Hi all,
I use filebeat and logstash for store my all datas. My docker setup and log files are in /home/docker/containers folder. (not in /var/lib/docker path)
The problem is when i was colleting my logs, the docker fields are not shown. (Such as; container.labels.com_docker_swarm_service_name,container.labels.com_docker_swarm_task_name,container.labels.org_label-schema_name,container.labels.org_label-schema_schema-version, container.name,container.image.name etc ).

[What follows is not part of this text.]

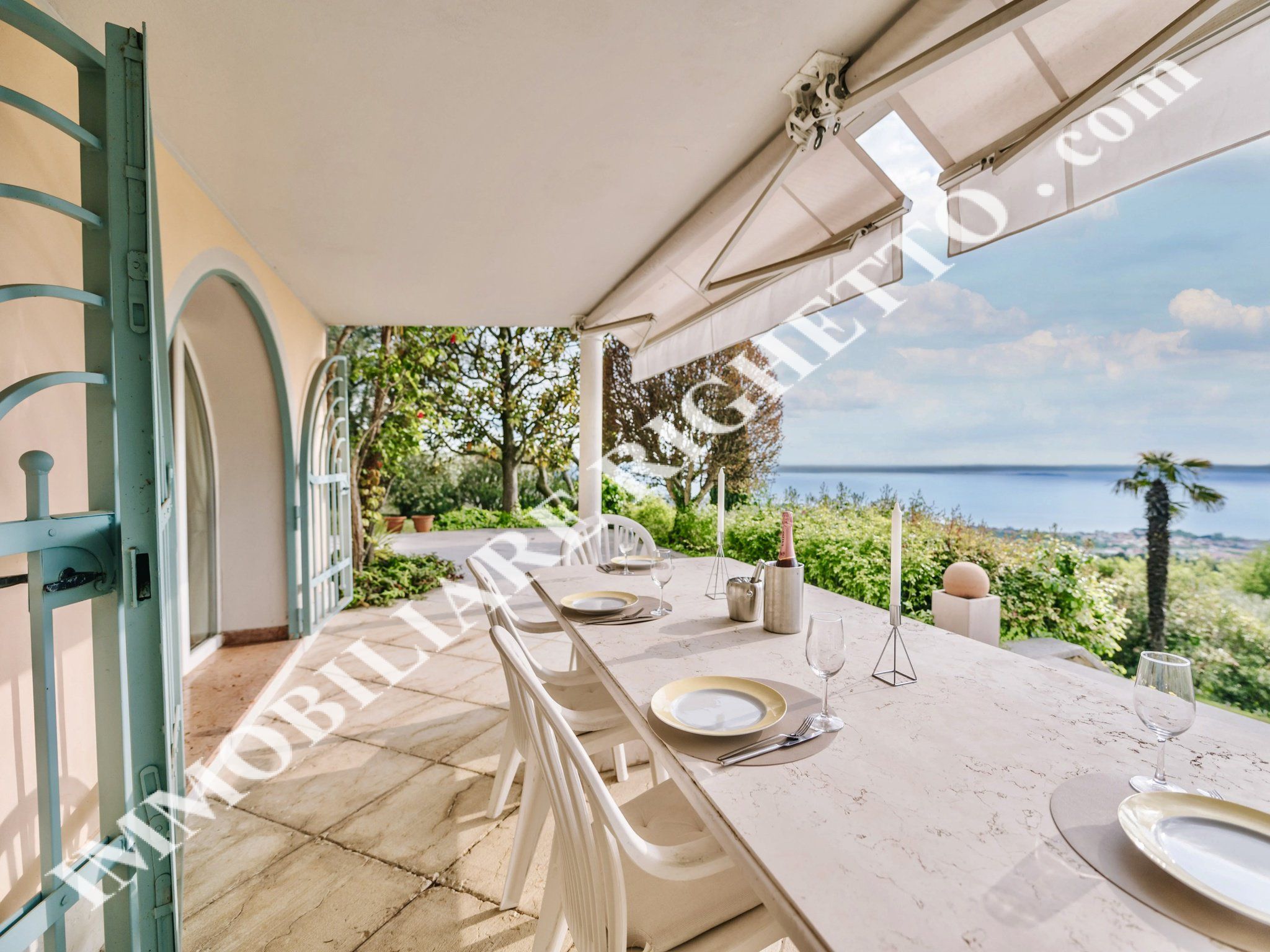 Immobilien zum Verkauf anbieten Herrliche freistehende Villa mit glanzvollem 180° PANORAMABLICK AUF DEN SEE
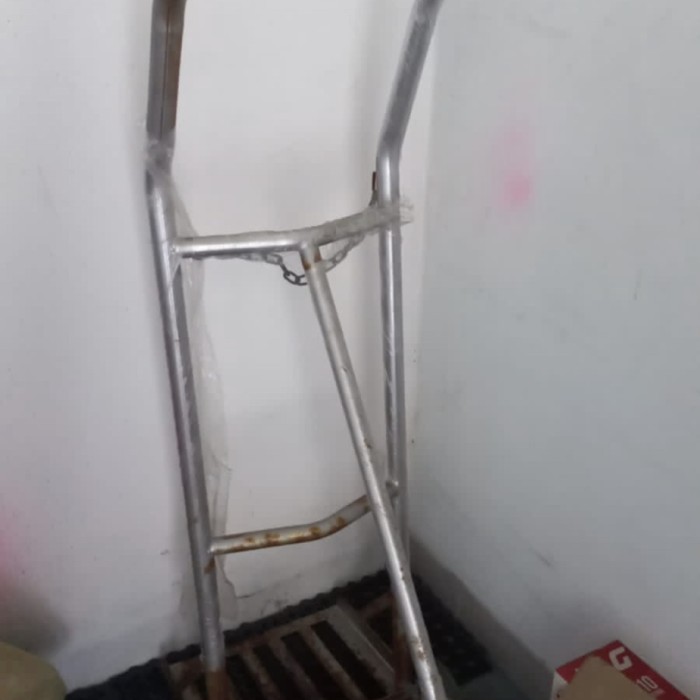 troli trolley trolly oksigen oxygen besar abu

We know that docker input type was deprecated. Moreover, you suggested to use container input type, unfortunately this type of input hasn't got these labels and our problem is not solved. In our case we used these labels on logstash for separating our datas.
How can we solve this problem ?
How can I see these fieds ?
My filebeat version 7.1.1 and logstash version 7.3.13.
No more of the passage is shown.